Having attended a small business festival’s workshops, where people could attend small classroom like rooms and listen to speakers, I realised that I really don’t like classroom locations where the audience is listening to speakers.
I actually think the traditional small classroom speaker audience relationship must change. The traditional model is a speaker talking to an audience, in a lecture type environment where its assumed the speaker is an authority and through lectures delivers content.
If you’ve ever sat in such environments, there’s almost a feeling of being lectured at. I don’t like such environments, and feel the traditional orthodoxy that the speaker knows all and is sharing his/her knowledge from a pedestal must change.
Lets try inverting the relationship. So, instead of a presenter talking to an audience, get the audience speaks to the presenter.
Of course this is not a new or novel concept.
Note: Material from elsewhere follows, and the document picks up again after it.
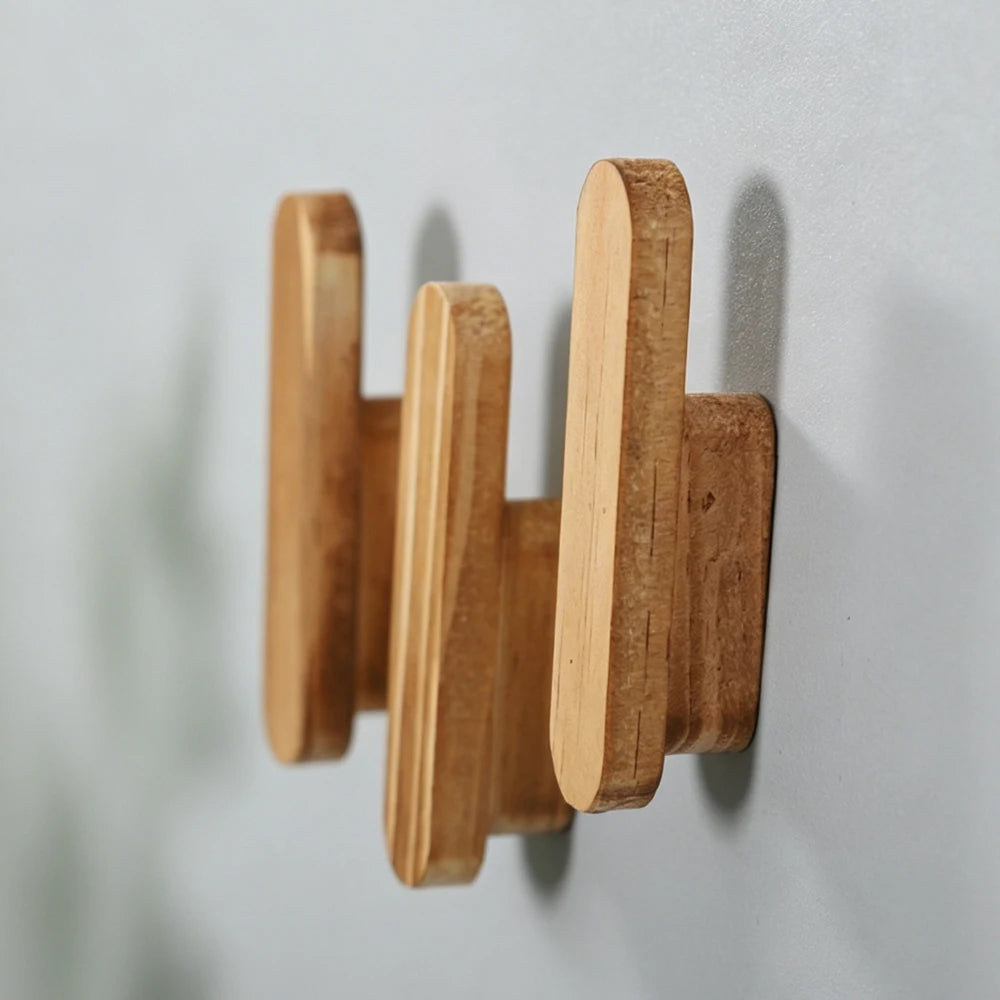Wooden Wall Hook with Screws – Coat, Key & Hat Hanger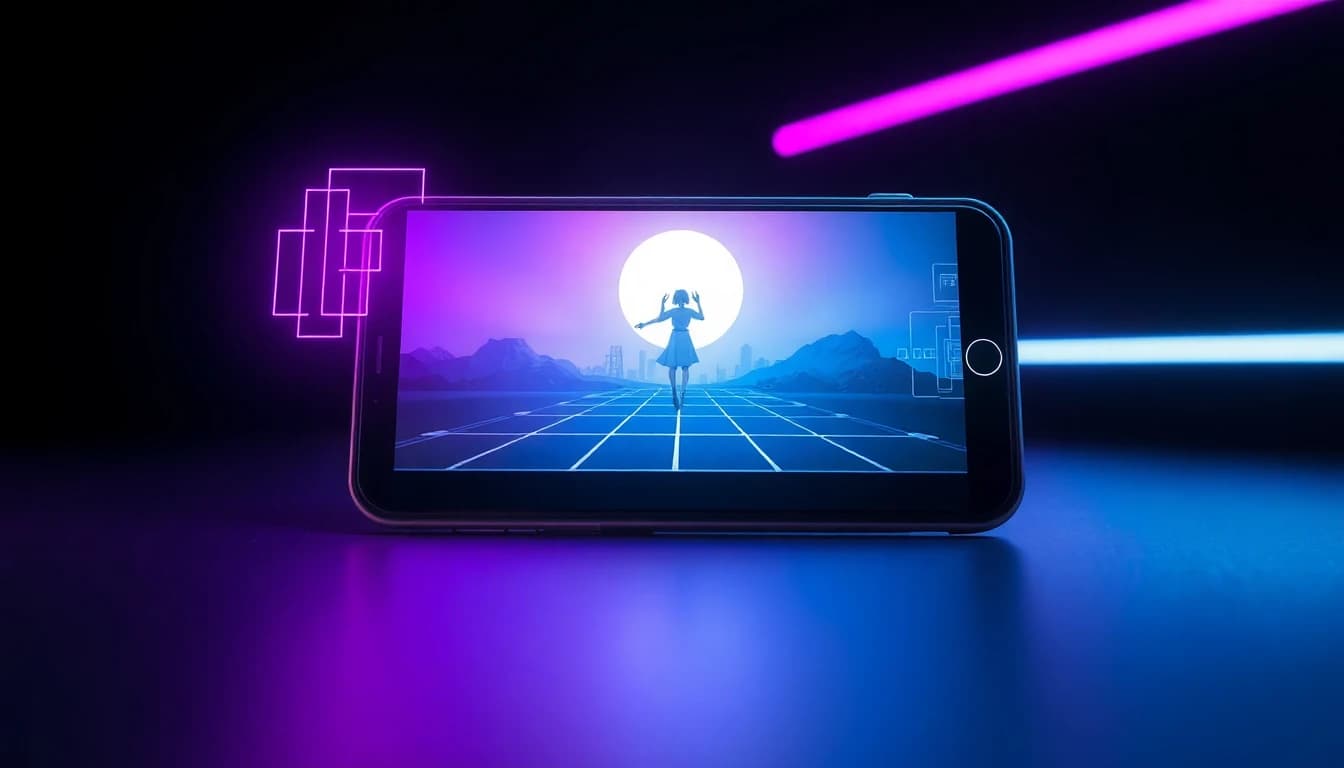 Smartphone showing the VIBE app with Sora 2 selected and an anime style preview rendering on screen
The idea of participatory workshops, or small sprint teams or where the audience explores and challenges ideas using co-creation techniques has been around for a while.
There are many benefits to this.
- It gets people talking
- Random collisions between people might uncover shared traits, skills, connections or beneficiaries; how else would you know that a person on a table might actually offer a shared skill
- The volume of insights generated are greater, richer
- The audience feels they are working through the challenge, and new questions, ideas and solutions can be framed from this discovery technique.
Whilst I do not advocate using this technique all the time, I do feel business events with speakers must try to ask themselves, what is the key piece of information or take-away you want to impart to the audience; what do you want them (the audience) to do?
Given the right context, I feel if we invert the presenter-audience relationship, we can explore greater avenues of possibilities, and innovate together, rather than in silos.